Peristiwa

Infus Berujung Luka, Pemuda Demokrasi Desak Tanggung Jawab Puskesmas Pasongsongan

×

Infus Berujung Luka, Pemuda Demokrasi Desak Tanggung Jawab Puskesmas Pasongsongan

Sebarkan artikel ini
Infus Berujung Luka, Pemuda Demokrasi Desak Tanggung Jawab Puskesmas Pasongsongan
Puskesmas Pasongsongan

Infus Berujung Luka, Pemuda Demokrasi Desak Tanggung Jawab Puskesmas Pasongsongan

LIMADETIK.COM, SUMENEP – Peristiwa medis yang menimpa seorang anak berinisial AA di Puskesmas Pasongsongan, Kabupaten Sumenep, menuai kecaman keras dari Pemuda Demokrasi. Kasus luka serius pada tangan pasien anak usai pemasangan infus selama tiga hari dinilai sebagai bukti nyata lemahnya manajemen pelayanan kesehatan dan buruknya kontrol internal di tubuh Puskesmas Pasongsongan.

Pemuda Demokrasi menilai kejadian ini bukan persoalan sepele atau sekadar risiko medis biasa, melainkan bentuk kelalaian serius yang mengancam keselamatan pasien, khususnya kelompok rentan seperti anak-anak.

Kejadian bermula pada Kamis malam, 28 Januari 2026 sekitar pukul 23.00 WIB, saat AA dibawa ke Puskesmas Pasongsongan dalam kondisi kejang dan demam tinggi. Tenaga kesehatan memasang infus di lengan kanan pasien.

Namun selama tiga hari perawatan, tangan pasien justru mengalami pembengkakan parah hingga melepuh, yang akhirnya berujung pada rujukan ke RSI Kalianget dan rekomendasi tindakan operasi ringan untuk mencegah infeksi.

Ironisnya, pihak keluarga mengaku telah berulang kali mempertanyakan kondisi tangan anak saat infus masih terpasang. Namun tenaga kesehatan justru menyepelekan keluhan tersebut dan menyatakan kondisi akan membaik dengan sendirinya.

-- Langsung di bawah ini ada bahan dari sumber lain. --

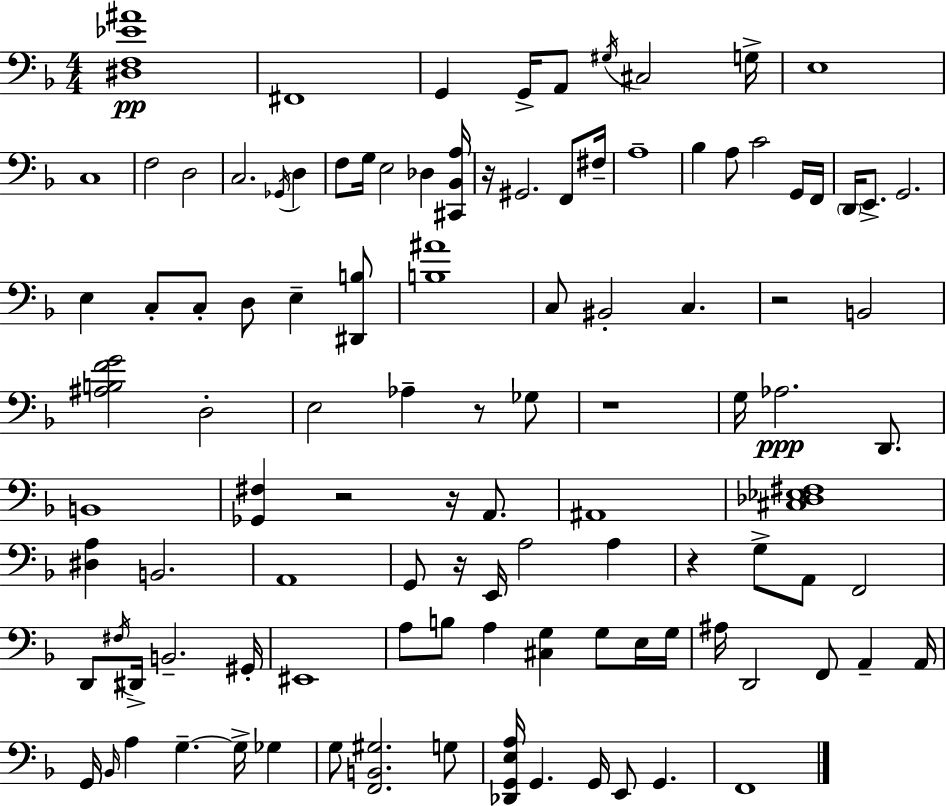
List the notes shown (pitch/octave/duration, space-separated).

Fakta ini menunjukkan adanya sikap abai dan tidak responsif terhadap keluhan pasien.

Aktivis Pemuda Demokrasi, Asroful Maghfur, menegaskan bahwa kejadian ini adalah alarm keras atas buruknya mutu pelayanan kesehatan di tingkat puskesmas.

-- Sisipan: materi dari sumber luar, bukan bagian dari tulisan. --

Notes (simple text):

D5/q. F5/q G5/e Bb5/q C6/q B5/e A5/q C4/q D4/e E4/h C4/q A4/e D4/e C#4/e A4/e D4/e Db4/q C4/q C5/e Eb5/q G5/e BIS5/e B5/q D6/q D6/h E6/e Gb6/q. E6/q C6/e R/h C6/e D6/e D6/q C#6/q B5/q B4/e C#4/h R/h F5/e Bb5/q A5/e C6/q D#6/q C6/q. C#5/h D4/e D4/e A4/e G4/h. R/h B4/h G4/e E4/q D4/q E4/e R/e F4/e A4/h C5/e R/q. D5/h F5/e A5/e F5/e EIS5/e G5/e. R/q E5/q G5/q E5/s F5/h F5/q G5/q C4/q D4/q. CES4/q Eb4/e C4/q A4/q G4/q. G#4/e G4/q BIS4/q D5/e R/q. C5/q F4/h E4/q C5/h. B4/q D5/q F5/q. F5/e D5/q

“Ini bukan hanya soal luka akibat infus, tapi soal nyawa dan keselamatan warga. Ketika keluarga sudah mengeluh dan tenaga medis justru mengabaikan, itu adalah bentuk kegagalan sistem pelayanan. Puskesmas Pasongsongan telah mempertaruhkan kepercayaan publik,” tegas Asroful Maghfur, Senin (9/2/2026).

Infus Berujung Luka, Pemuda Demokrasi Desak Tanggung Jawab Puskesmas Pasongsongan
Bukti luka yang dialami korban (disensor)

Ia menilai pernyataan pihak puskesmas yang menyebut tindakan telah sesuai SOP sebagai bentuk pembelaan normatif yang tidak menjawab substansi persoalan di lapangan.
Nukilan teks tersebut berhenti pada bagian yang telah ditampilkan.